Work instructions
When you reach the line with "deleyCON 3,0m USB-C" in the records below, begin transcribing exactly and continue up to and including the line with "Half-Zip Sweatshirt &", leaving out every picture.

Input for this task
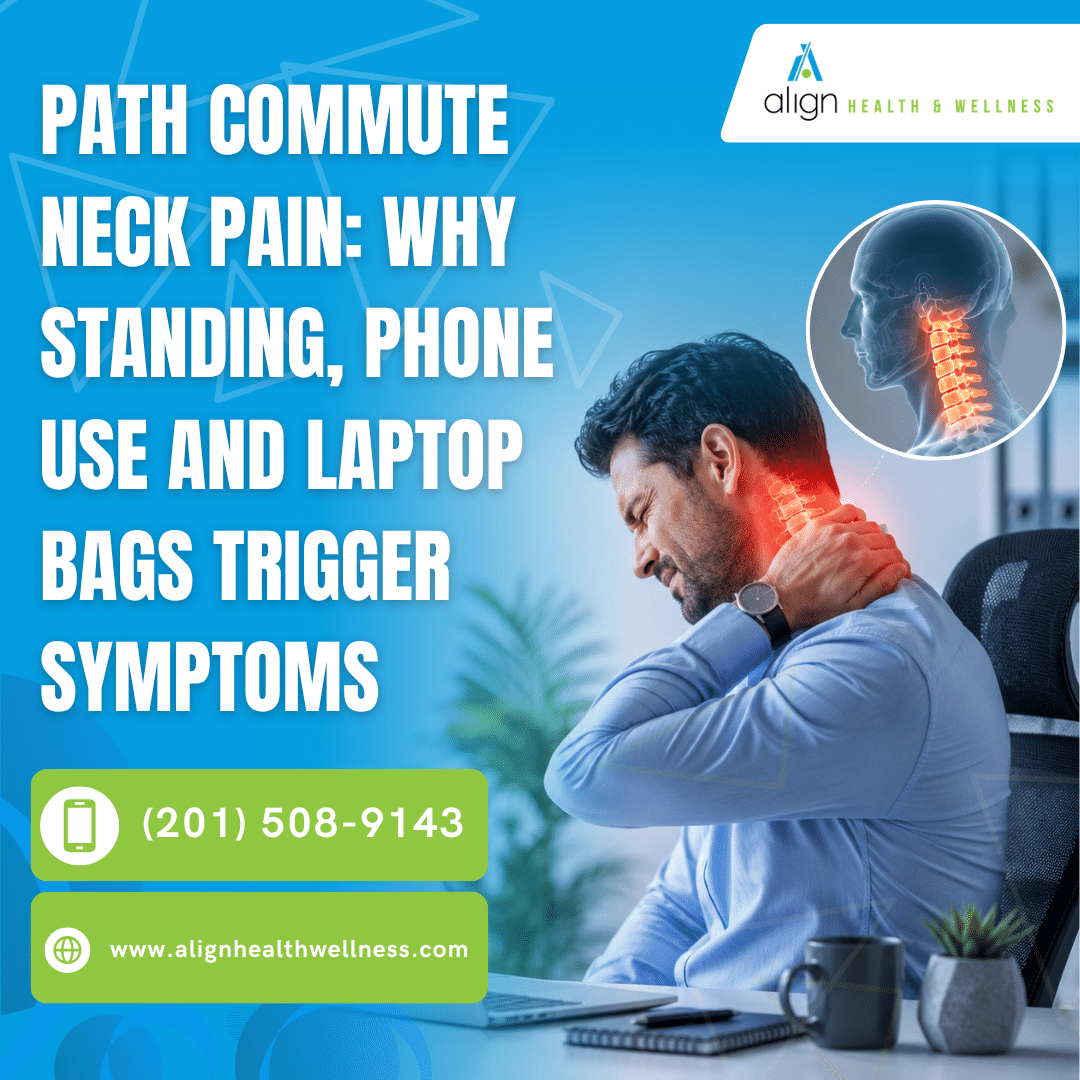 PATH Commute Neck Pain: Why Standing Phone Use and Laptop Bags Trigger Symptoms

==

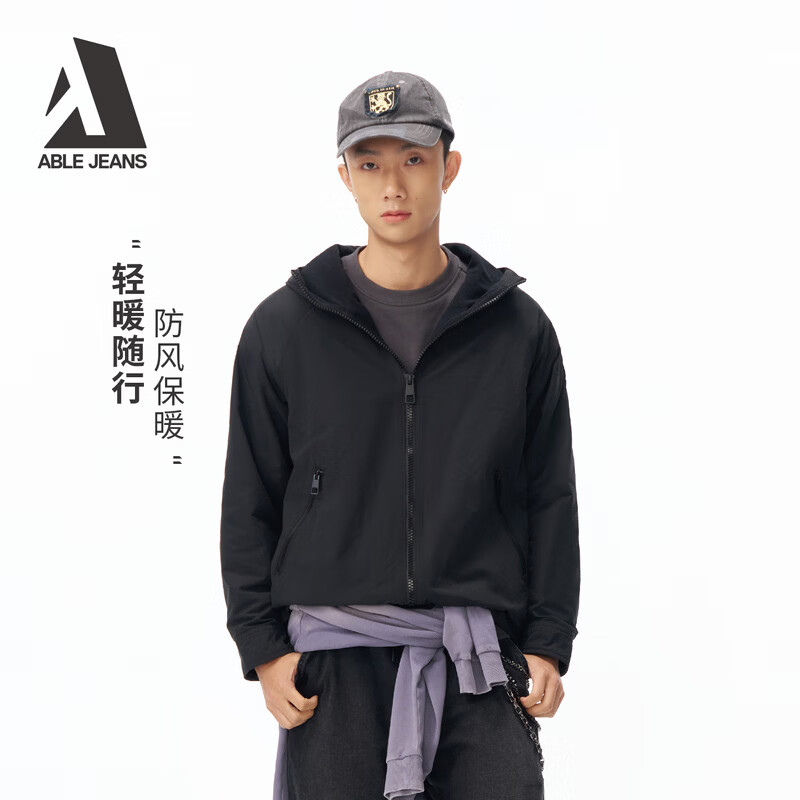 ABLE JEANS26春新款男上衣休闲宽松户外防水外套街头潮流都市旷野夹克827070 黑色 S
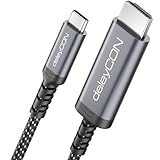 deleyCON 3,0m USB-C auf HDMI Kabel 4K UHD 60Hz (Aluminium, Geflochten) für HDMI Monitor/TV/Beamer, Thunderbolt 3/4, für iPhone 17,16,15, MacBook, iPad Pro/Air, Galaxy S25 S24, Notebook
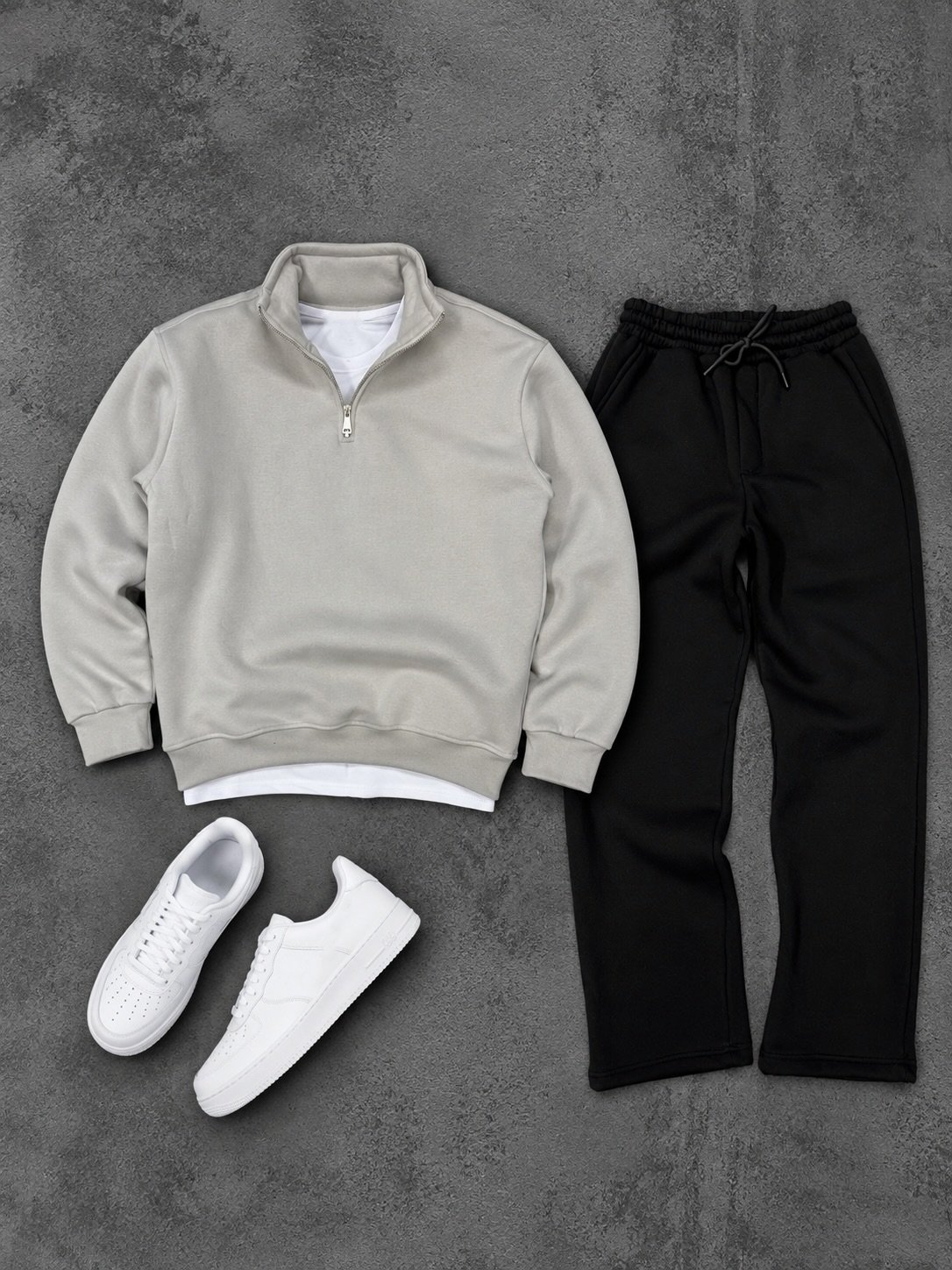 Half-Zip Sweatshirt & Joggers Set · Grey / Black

Answer below
 deleyCON 3,0m USB-C auf HDMI Kabel 4K UHD 60Hz (Aluminium, Geflochten) für HDMI Monitor/TV/Beamer, Thunderbolt 3/4, für iPhone 17,16,15, MacBook, iPad Pro/Air, Galaxy S25 S24, Notebook
 Half-Zip Sweatshirt & Joggers Set · Grey / Black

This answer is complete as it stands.